Já a carreta Auto Jamanta (AJ) é o maior veículo de armazenamento de água do CBMMG para garantir o suprimento adequado em grandes incêndios. Com a capacidade de 25 mil litros de água e mais de 20 metros de comprimento, a carreta exige a categoria E da Carteira Nacional de Habilitação. A dirigibilidade ainda é afetada substancialmente pelo movimento da água no tanque reservatório, gerando ainda mais dificuldade aos deslocamentos de emergência.

Conheça o perfil das mulheres que conduzem viaturas pesadas no CBMMG:

Soldado Karla Silva Mota

A soldado Karla Silva Mota tem 32 anos, é casada com um militar do Corpo de Bombeiros e tem um filho de três anos. Ela ingressou na corporação em 2017 e, recentemente, foi aprovada no Curso de Formação de Sargentos (CFS).

Já o amor pela condução da Auto Bomba, viatura que pode pesar até 16 mil quilos e é especializada em combate a incêndio, começou logo após se formar como soldado, momento em que a adrenalina e a responsabilidade de pilotar um veículo de emergência foram a fagulha para que ela tomasse gosto pela direção e por desafiar o improvável.

Sargento Lívia Christina de Faria

Lívia Christina de Faria tem 41 anos, é casada, tem dois filhos, de 16 e 19 anos, e ingressou na corporação em 2002. Apaixonada por veículos grandes, quando começou o Curso de Sargentos, em 2016, já era habilitada na categoria “D”, quando iniciou sua trajetória como motorista de viatura pesada.

Anos mais tarde, em 2019, ela teve a oportunidade de trocar para a categoria “E”, e seguiu se aprimorando e adquirindo experiência no volante dos veículos pesados. Atualmente, ela é uma das poucas motoristas que dirigem a Auto Jamanta, viatura articulada, com mais de 20 metros de comprimento, que transporta uma reserva de 25 mil litros de água para combate a incêndio.

Soldado Paula Renata de Jesus

A soldado de 2ª classe Paula Renata de Jesus tem 30 anos e ingressou no Corpo de Bombeiros em outubro do ano passado, após uma bela demonstração de persistência por ter tentado concurso por quase dez anos seguidos.
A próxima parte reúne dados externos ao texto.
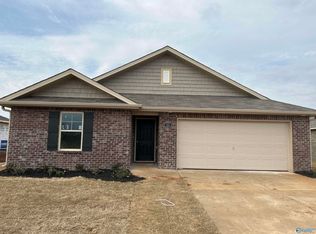 111 Murphy Ln, Madison, AL 35756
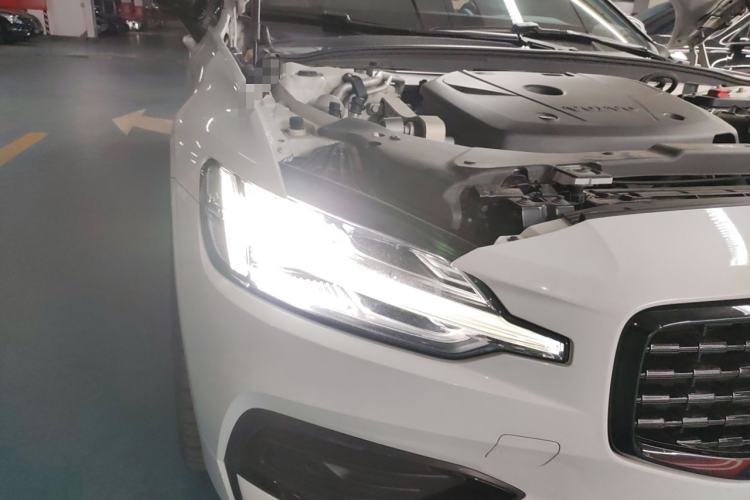 Used Volvo S60 2021 T4 Zhiyi Luxury Edition Right Front Headlight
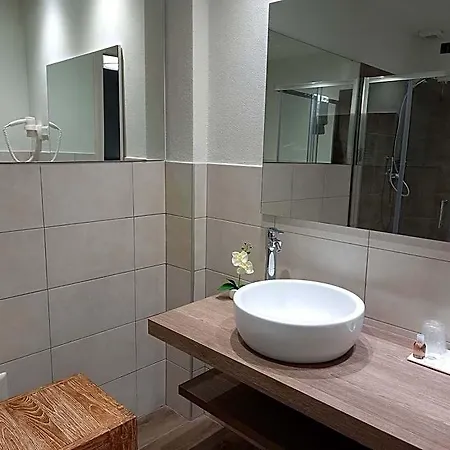 Residenza Novi 3*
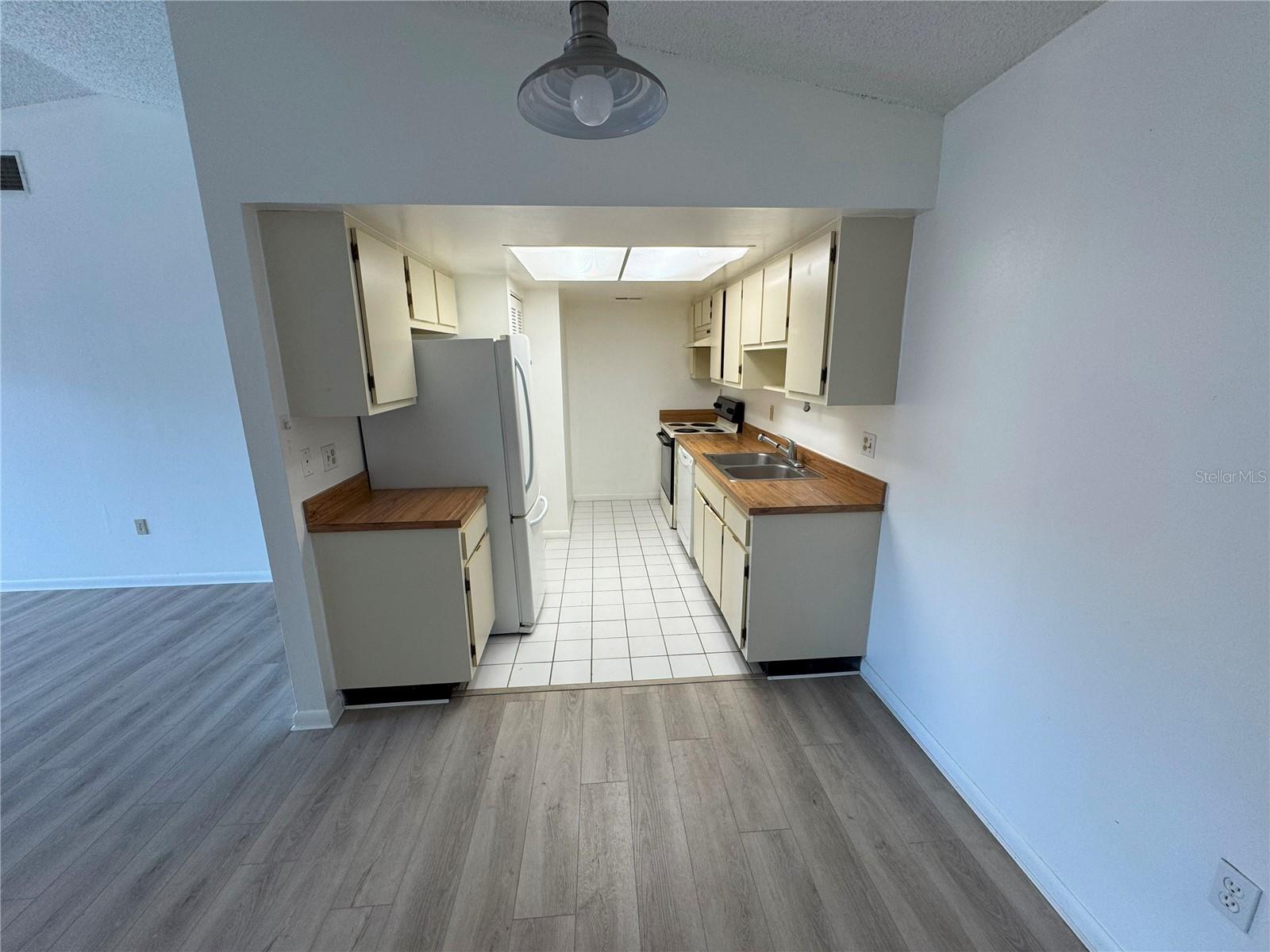 Image 5 of 15 For 5047 Vineland Road 5047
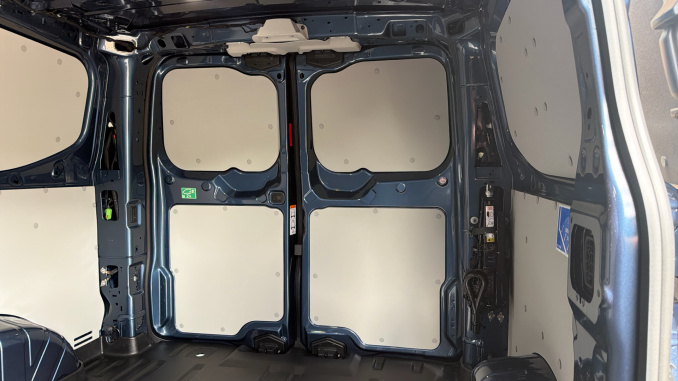 Ford Transit Custom 320 L1 Diesel Fwd 2.0 EcoBlue 170ps H1 Van Sport Auto - Image 14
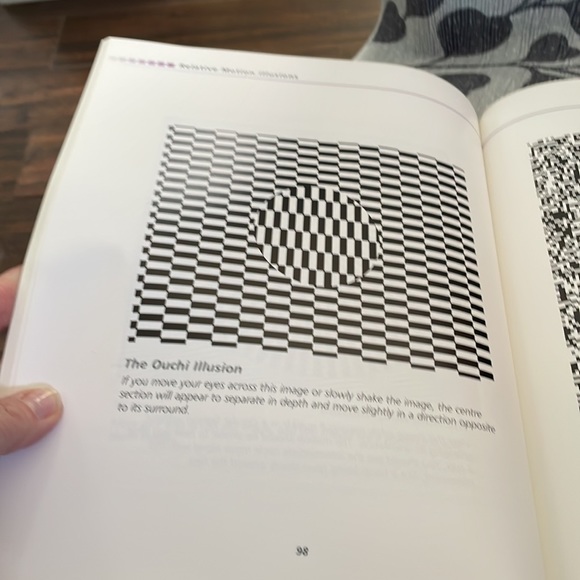 This book is incredible. Has all visual illusions. - Picture 3 of 5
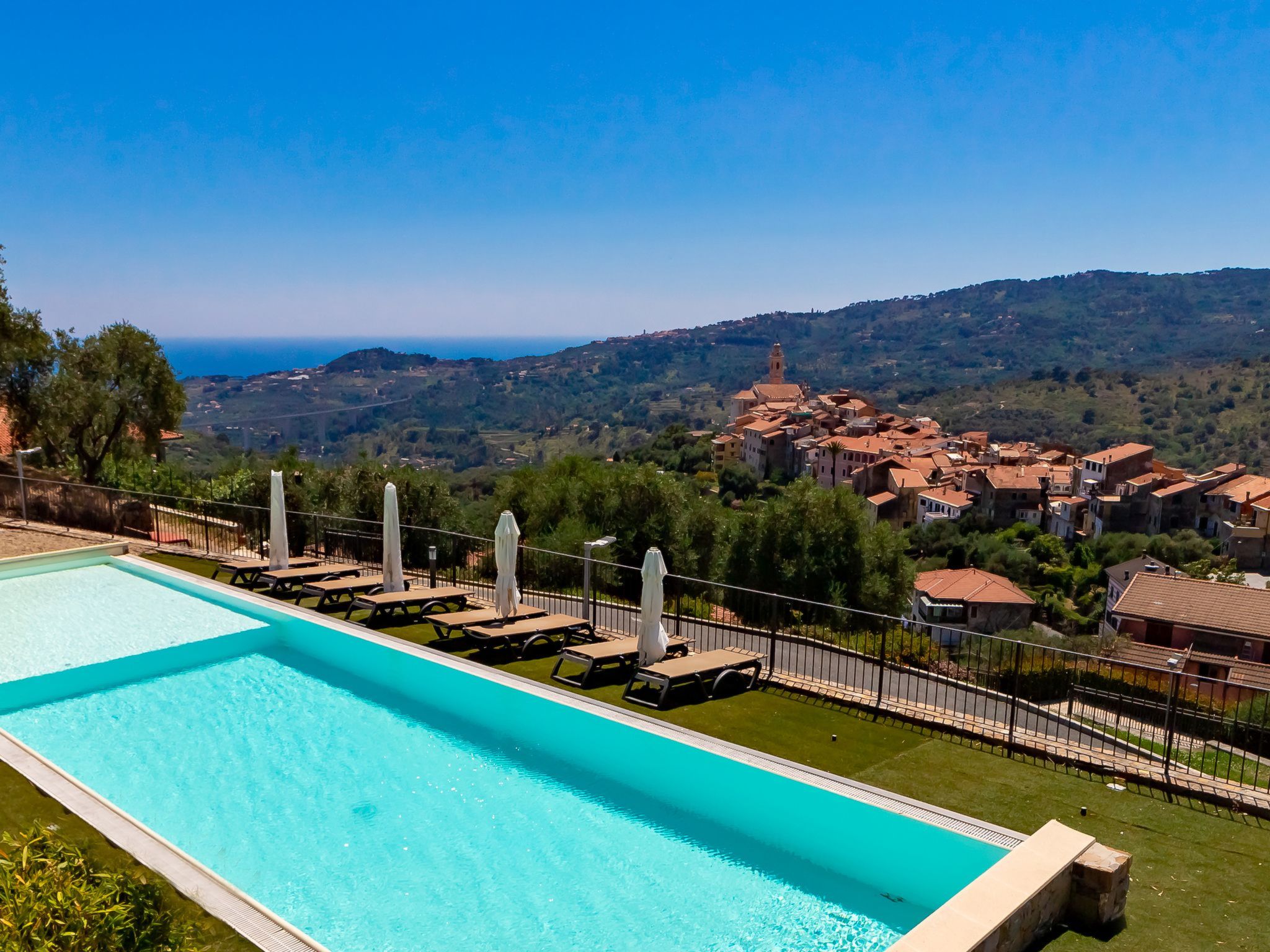 Gloria del Mare - Schwimmbad mit Meerblick — view 1 of 23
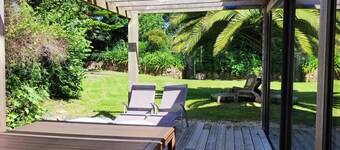 Maison bretonne en  pierre à Trégastel sur la Côte de Granit Rose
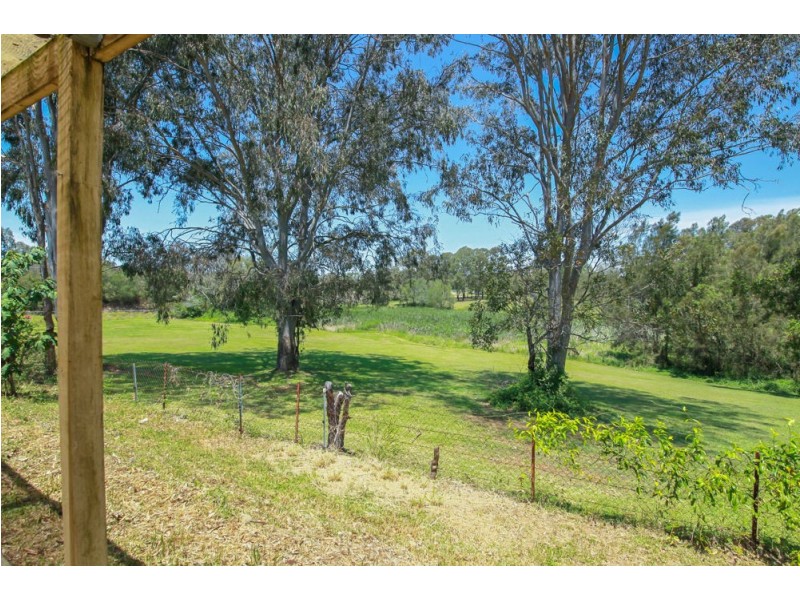 5 Maggie Ct, Edens Landing QLD 4207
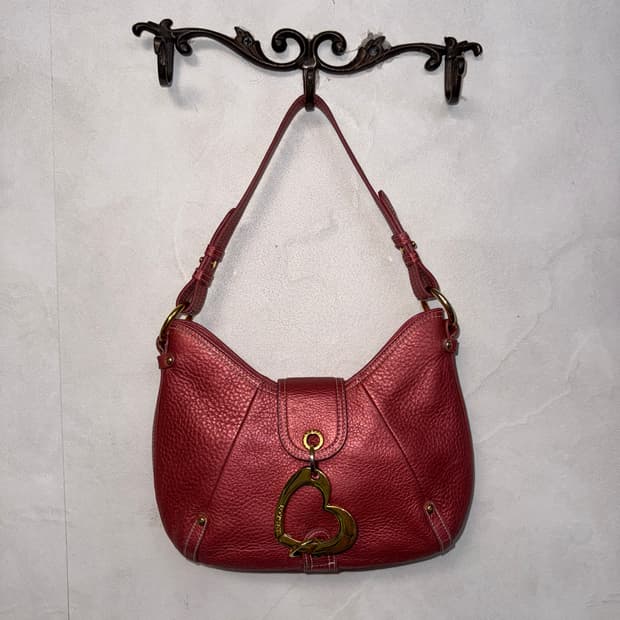 Lovcat metallic rose heart buckle 숄더백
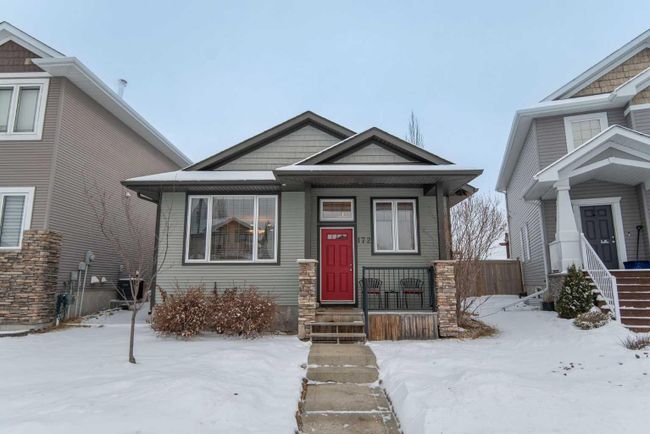 172 Vickers Close, Home with 5 bedrooms, 3 bathrooms and 2 parking in Red Deer AB | Image 1
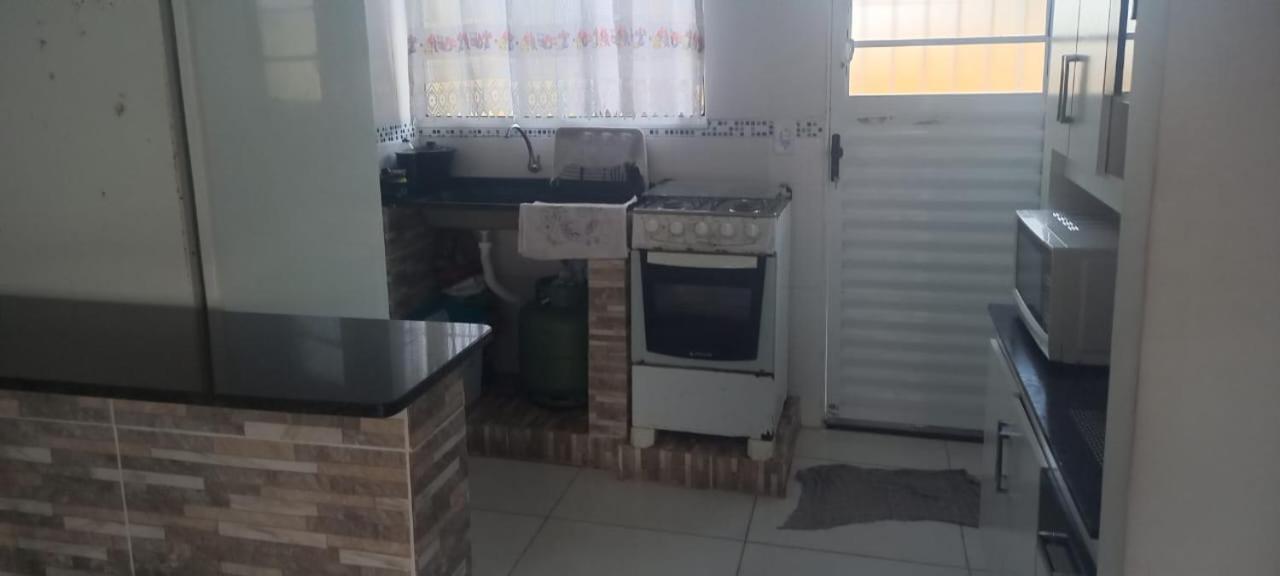 Casa Com Piscina Em Itanhaem Villa Bagian luar foto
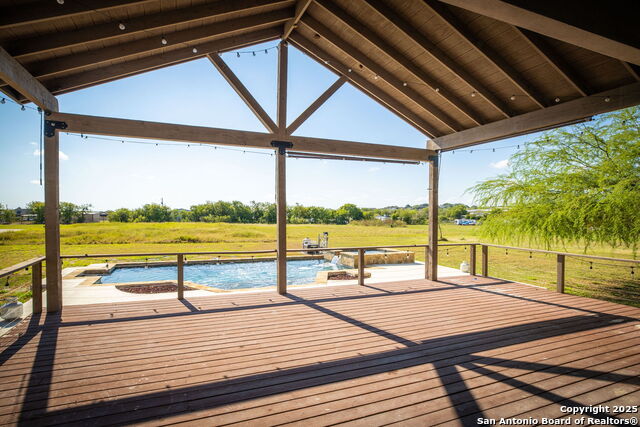 Listing photo id 25 for 212 Ferryboat Lane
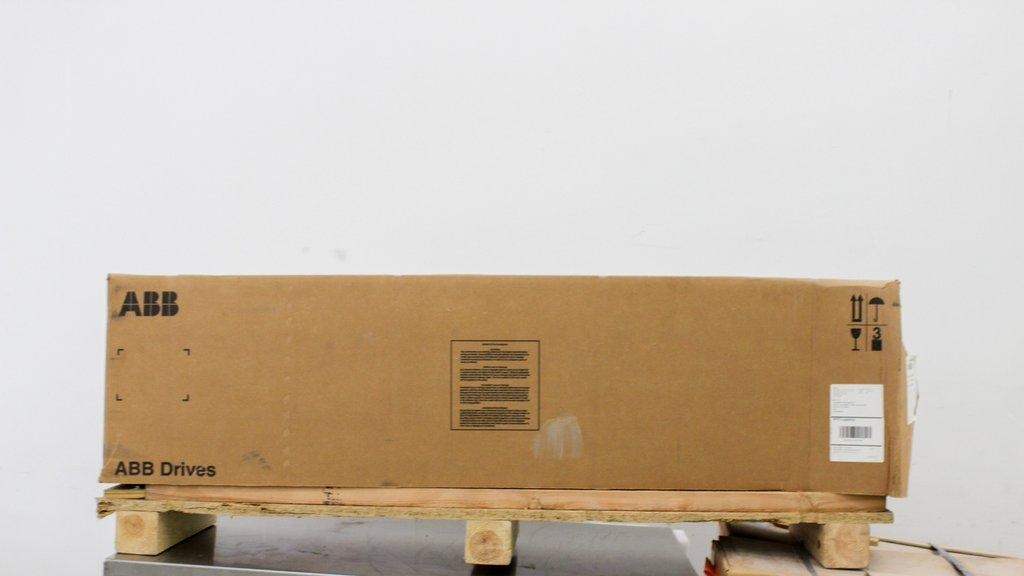 ABB ACH580-PCR-052A-4 VFD Circuit Breaker 40HP HVAC Drive 460V 52A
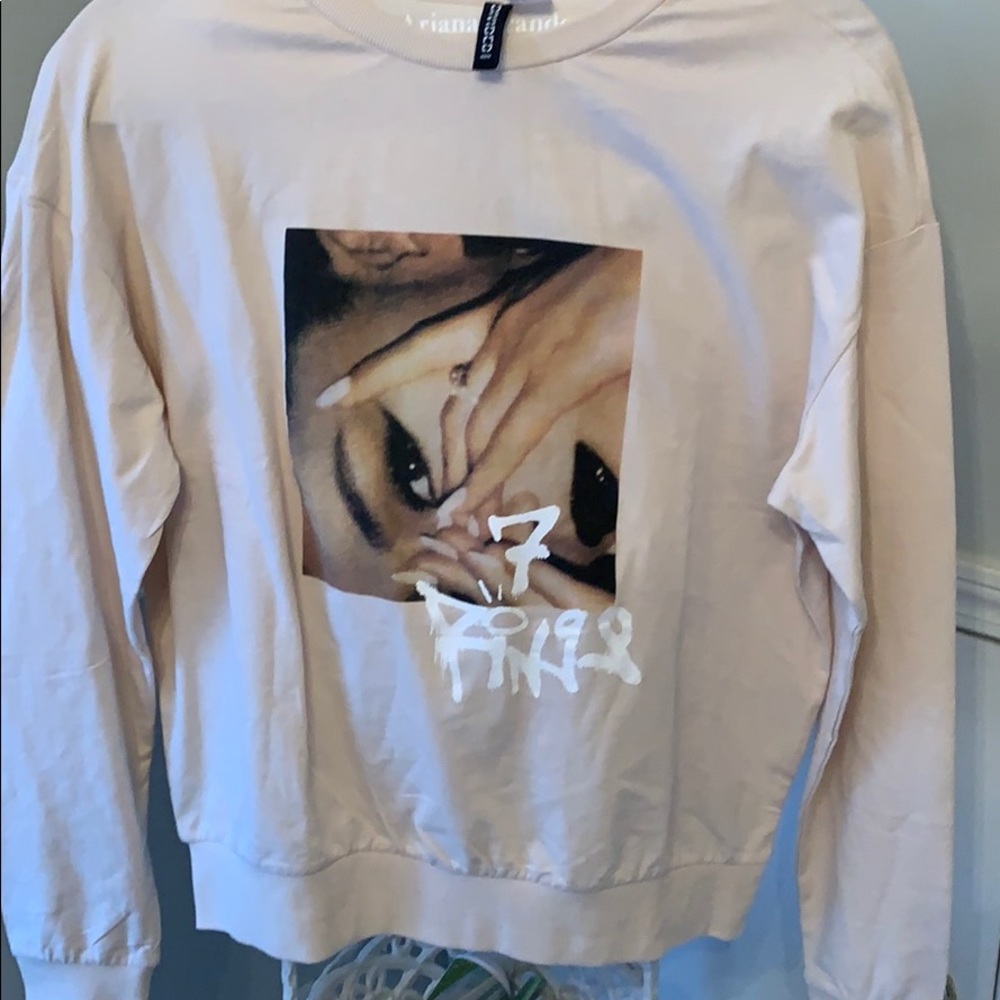 Ariana Grande sweatshirt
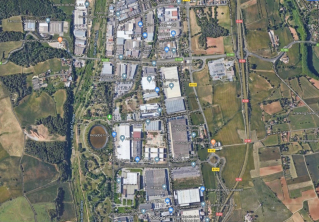 Imatge aèria Palau Google Maps de Can Parera a pol Llevant 2019.jpg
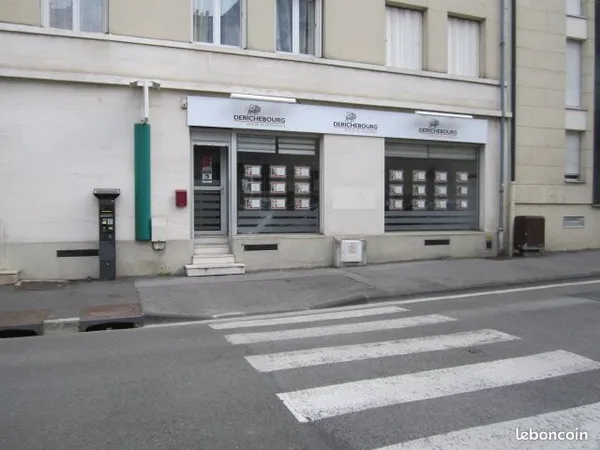 Bureaux 84 m²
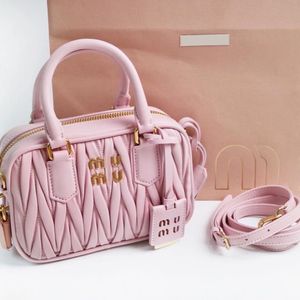 Модная девушка с верхней ручкой Miumiu Matelasse сумка для боулинга Miu Hobo роскошные сумки женские мужские дизайнерские бумажники через плечо из натуральной кожи дорожные клатчи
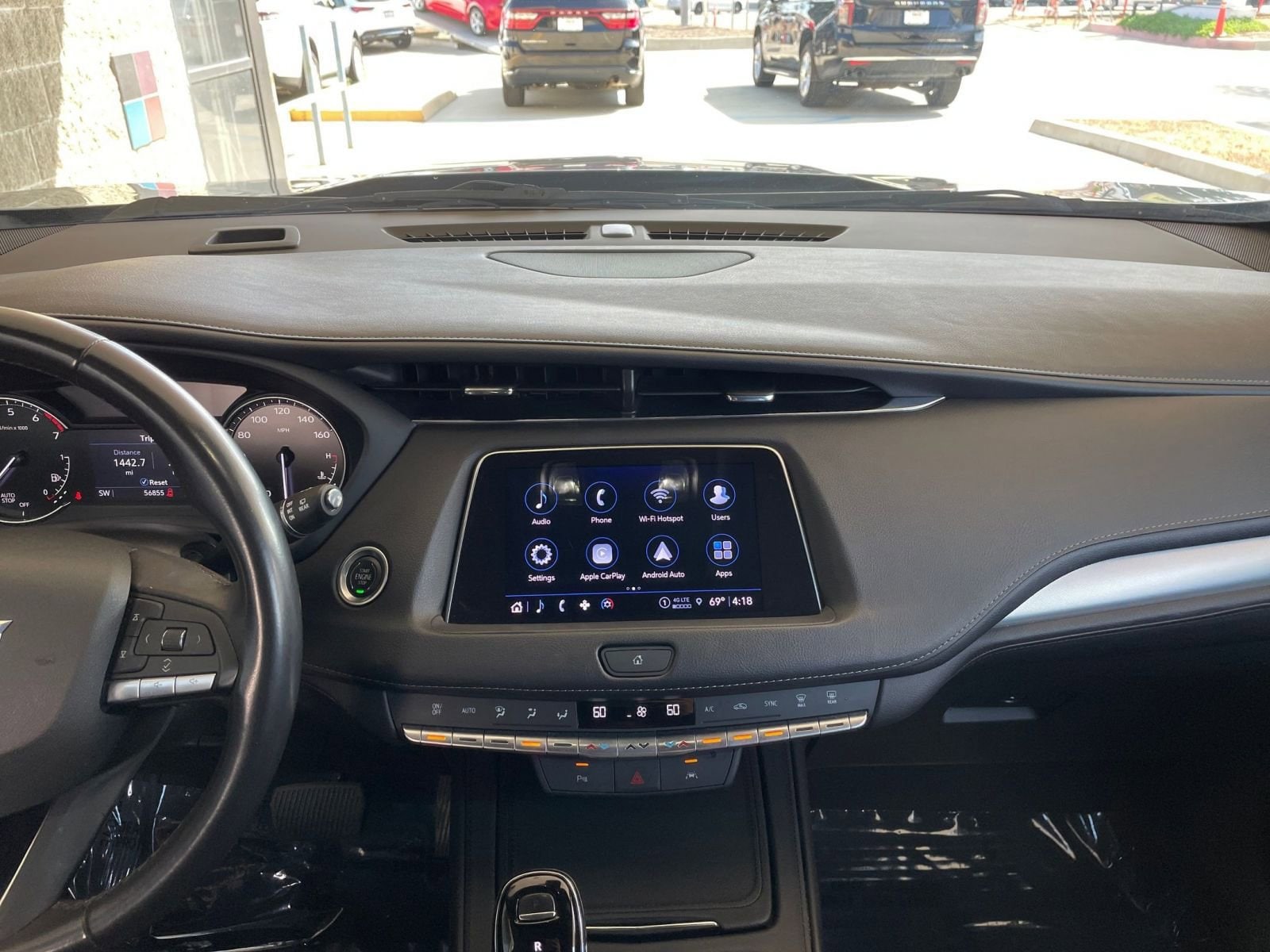 Thumbnail: 2023 Cadillac XT4 - 18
Durante o processo ficou algumas vezes como excedente e, aos trinta anos, no limite da idade para ingresso na corporação, ela conseguiu ser aprovada.

Embora tenha começado a vida militar há pouco tempo, ela já sonha com o dia em que poderá dirigir as famosas viaturas do Corpo de Bombeiros.

* Com informações da Agência Minas e do Corpo de Bombeiros Militar de Minas Gerais.